"
=== How the the partition level repair works
- The repair master decides which ranges to work on.
- The repair master splits the ranges to sub ranges which contains around 100
partitions.
- The repair master computes the checksum of the 100 partitions and asks the
related peers to compute the checksum of the 100 partitions.
- If the checksum matches, the data in this sub range is synced.
- If the checksum mismatches, repair master fetches the data from all the peers
and sends back the merged data to peers.
=== Major problems with partition level repair
- A mismatch of a single row in any of the 100 partitions causes 100
partitions to be transferred. A single partition can be very large. Not to
mention the size of 100 partitions.
- Checksum (find the mismatch) and streaming (fix the mismatch) will read the
same data twice
=== Row level repair
Row level checksum and synchronization: detect row level mismatch and transfer
only the mismatch
=== How the row level repair works
- To solve the problem of reading data twice
Read the data only once for both checksum and synchronization between nodes.
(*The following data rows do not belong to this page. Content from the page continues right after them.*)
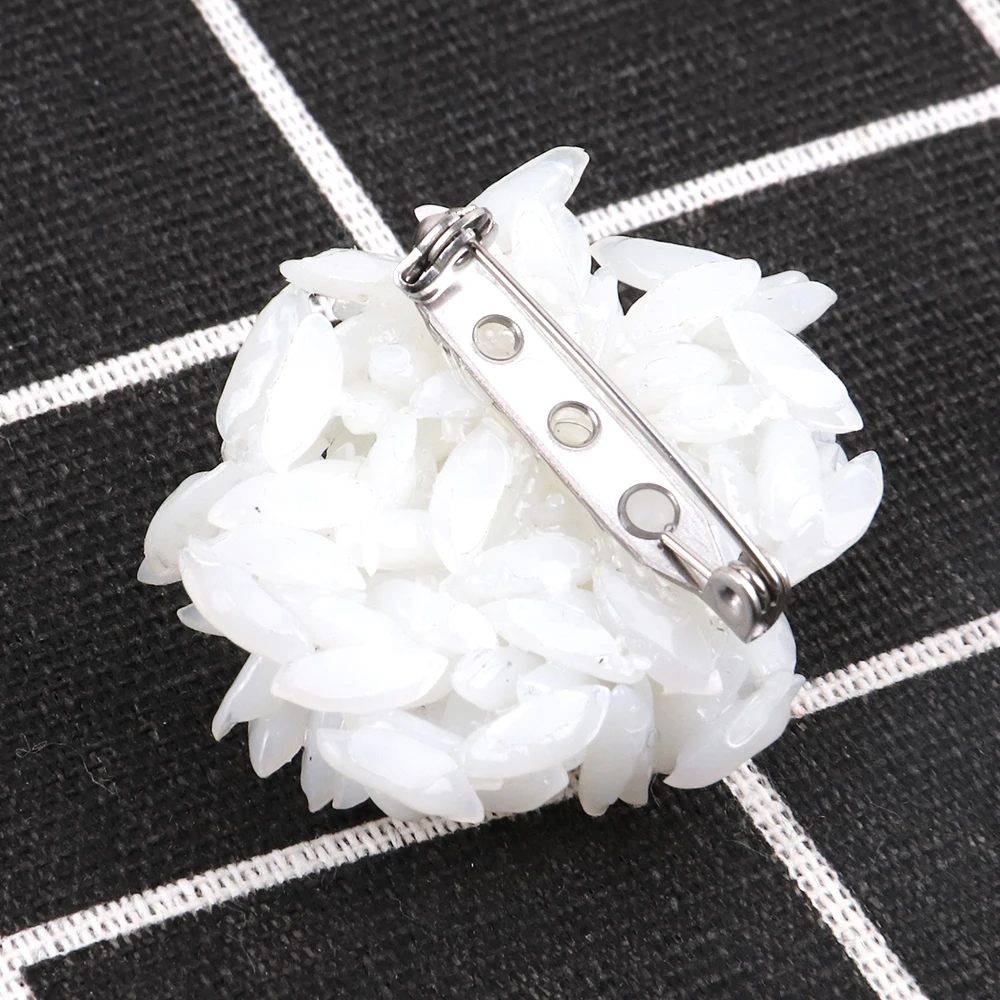 New Funny Cute Onigiri Pins Resin Brooches For Women White Sushi Denim Jacket Pins Lapel Buckle Shirt Badge Brooch Jewelry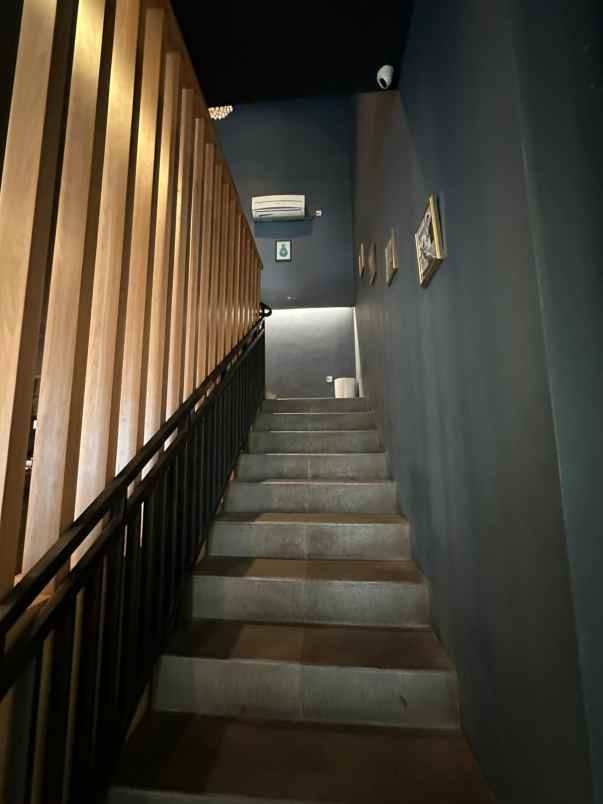 dijual cafe rumah luas 500m duren sawit jakarta timur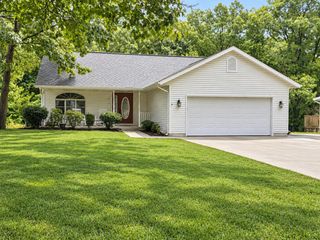 840 Glenwood Avenue, Laketon Twp, MI 49445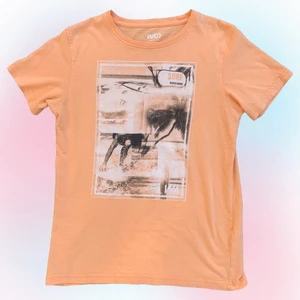 T-shirt - Söt t-shirt med surfprint. Barnstorlek men är så cool och passar bäst en storlek XS-M beroende på önskad fit. Modell är storlek XS. Skriv om funderingar och följ oss på Instagram för att få fri frakt på första köpet 💓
We work on a small range which contains only a few mega bytes of rows,
We read all the rows within the small range into memory. Find the
mismatch and send the mismatch rows between peers.
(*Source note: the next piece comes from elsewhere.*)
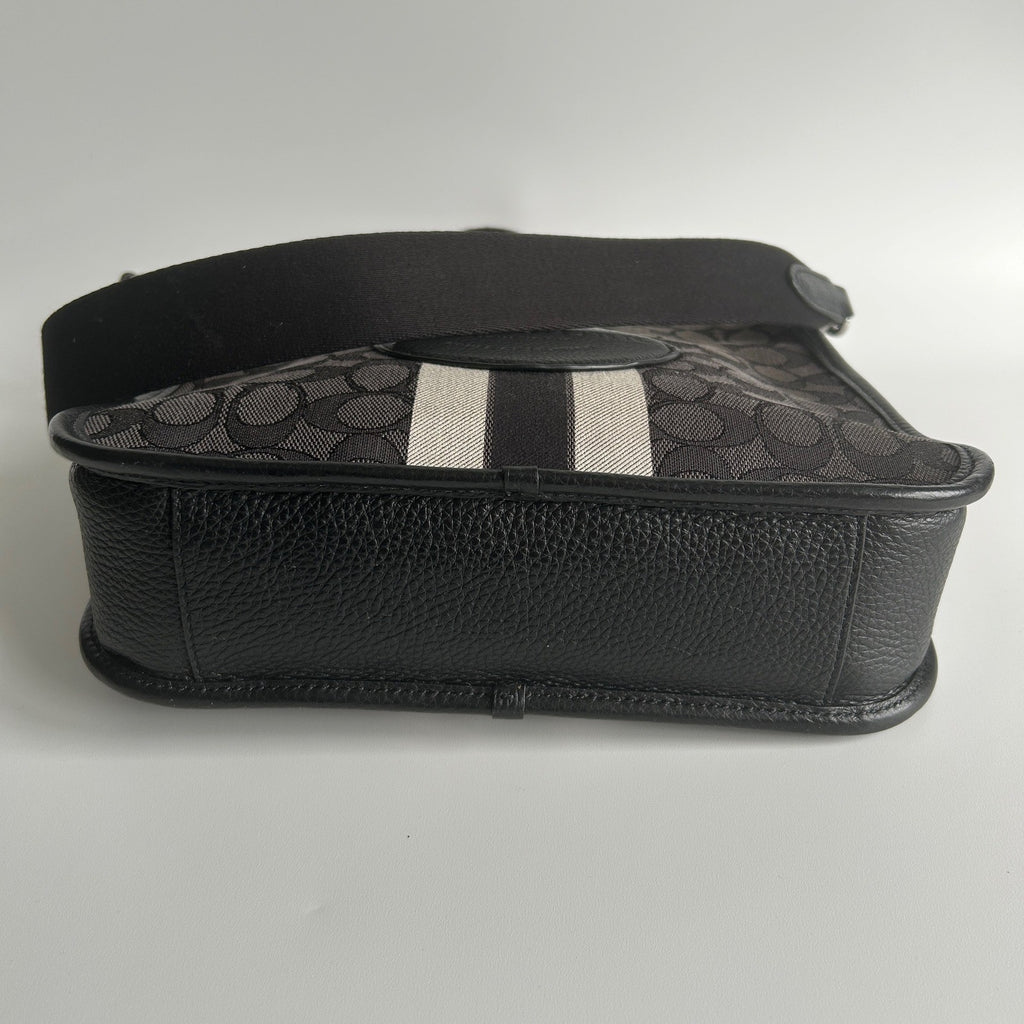 Coach Dempsey File Bag Black Charcoal Signature Jacquard Crossbody Excellent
We need to find a sync boundary among the nodes which contains only N bytes of
rows.
- To solve the problem of sending unnecessary data.
We need to find the mismatched rows between nodes and only send the delta.
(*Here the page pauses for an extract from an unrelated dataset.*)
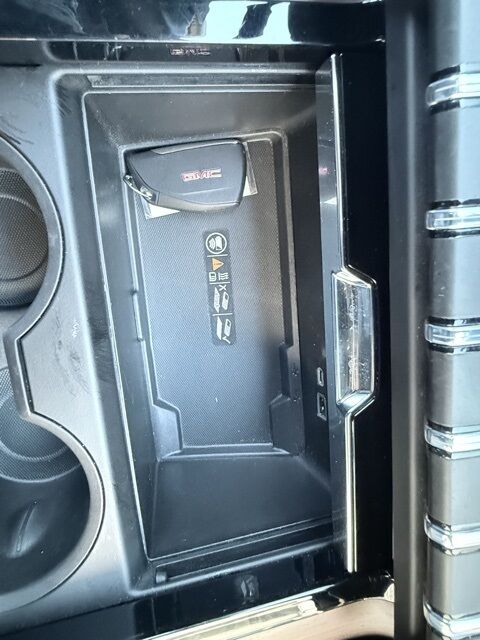 2025 GMC Yukon XL Denali Kerrville TX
The problem is called set reconciliation problem which is a common problem in
distributed systems.
For example:
Node1 has set1 = {row1, row2, row3}
Node2 has set2 = { row2, row3}
Node3 has set3 = {row1, row2, row4}
To repair:
Node1 fetches nothing from Node2 (set2 - set1), fetches row4 (set3 - set1) from Node3.
Node1 sends row1 and row4 (set1 + set2 + set3 - set2) to Node2
Node1 sends row3 (set1 + set2 + set3 - set3) to Node3.
=== How to implement repair with set reconciliation
- Step A: Negotiate sync boundary
class repair_sync_boundary {
dht::decorated_key pk;
position_in_partition position
}
Reads rows from disk into row buffers until the size is larger than N
bytes. Return the repair_sync_boundary of the last mutation_fragment we
read from disk. The smallest repair_sync_boundary of all nodes is
set as the current_sync_boundary.
- Step B: Get missing rows from peer nodes so that repair master contains all the rows
Request combined hashes from all nodes between last_sync_boundary and
current_sync_boundary. If the combined hashes from all nodes are identical,
data is synced, goto Step A. If not, request the full hashes from peers.
At this point, the repair master knows exactly what rows are missing. Request the
missing rows from peer nodes.
Now, local node contains all the rows.
- Step C: Send missing rows to the peer nodes
Since local node also knows what peer nodes own, it sends the missing rows to
the peer nodes.
=== How the RPC API looks like
- repair_range_start()
Step A:
- request_sync_boundary()
Step B:
- request_combined_row_hashes()
- reqeust_full_row_hashes()
- request_row_diff()
Step C:
- send_row_diff()
- repair_range_stop()
=== Performance evaluation
We created a cluster of 3 Scylla nodes on AWS using i3.xlarge instance. We
created a keyspace with a replication factor of 3 and inserted 1 billion
rows to each of the 3 nodes. Each node has 241 GiB of data.
We tested 3 cases below.
1) 0% synced: one of the node has zero data. The other two nodes have 1 billion identical rows.
Time to repair:
old = 87 min
new = 70 min (rebuild took 50 minutes)
improvement = 19.54%
2) 100% synced: all of the 3 nodes have 1 billion identical rows.
Time to repair:
old = 43 min
new = 24 min
improvement = 44.18%
3) 99.9% synced: each node has 1 billion identical rows and 1 billion * 0.1% distinct rows.
Time to repair:
old: 211 min
new: 44 min
improvement: 79.15%
Bytes sent on wire for repair:
old: tx= 162 GiB, rx = 90 GiB
new: tx= 1.15 GiB, tx = 0.57 GiB
improvement: tx = 99.29%, rx = 99.36%
It is worth noting that row level repair sends and receives exactly the
number of rows needed in theory.
In this test case, repair master needs to receives 2 million rows and
sends 4 million rows. Here are the details: Each node has 1 billion *
0.1% distinct rows, that is 1 million rows. So repair master receives 1
million rows from repair slave 1 and 1 million rows from repair slave 2.
Repair master sends 1 million rows from repair master and 1 million rows
received from repair slave 1 to repair slave 2. Repair master sends
sends 1 million rows from repair master and 1 million rows received from
repair slave 2 to repair slave 1.
In the result, we saw the rows on wire were as expected.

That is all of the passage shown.